Keywords

1 Introduction

The prediction process of cooling load mainly includes data preprocessing and optimization of prediction models. Data preprocessing usually comprises removing outliers, filling missing values (for time-series models), eliminating redundant variables, and data normalization. The prediction models can be divided into physical models, data-driven models, and semi-physical models in terms of modeling mechanisms (Xiao et al. 2022). Data-driven models less rely on expert knowledge, thus making the modeling process more simple (Yao and Shekhar 2021), which commonly includes regression analysis (e.g., multiple linear regression MLR and multiple nonlinear regression MNR), artificial neural network (ANN), support vector regression, decision tree regression, etc. (Chen et al. 2022; Zhang et al. 2021). Most of the existing studies focused on models’ optimization and comparison while ignoring the preliminary work of models, i.e., data preprocessing. For data-driven models, data quality determines the upper limit of model performances (Xiao et al. 2022). Therefore, in addition to the typical data preprocessing methods, more attention should be paid to the features of the data.

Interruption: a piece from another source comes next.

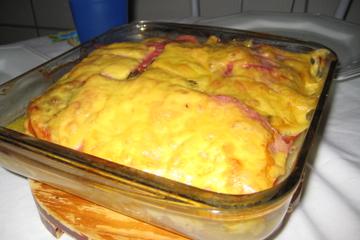 Peito de frango à parmegiana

Besides, models’ input data may present different statistic distributions, i.e., having variational load patterns so that difficult to guarantee prediction accuracy if the same model is used to predict the data with different load patterns (Chen et al. 2022). Based on this, some researchers introduced unsupervised clustering into the cooling load prediction, i.e., different types of the data are expressed by different models, and therefore obtained a better improvement in prediction accuracy. For instance, Zhang et al. (Zhang et al. 2019) used the K-means clustering to classify the model’s input data and then used the K-nearest neighbor to determine the training data class of the model. The case revealed that this method could improve the prediction accuracy of the cooling load in the factory workshop by 10%. Ding et al. (Ding et al. 2018) used the K-means and hierarchical methods to cluster the input variables of the ANN and support vector regression, thus improving the results of the cooling load prediction for the office buildings. Ko et al. (Ko et al. 2017) applied the clustering technique to enhance the prediction accuracy of the regression analysis model. However, in these clustering methods, most of them did not consider the influence of the input variables on the cooling load, i.e., they put each input variable equally into the clustering space, so they did not introduce the weights of the variables into the process of the clustering that affects the cooling load. In the production of actual cooling load, the contributions of different input variables to the cooling load are different. If they are all treated equally, it makes the clustering effect getting poor, as a result of little improvement in the prediction accuracy. Aiming at the unsatisfactory prediction accuracy in the existing methods, this paper proposed a novel weight clustering-based pattern recognition method for improving building cooling load prediction reliability.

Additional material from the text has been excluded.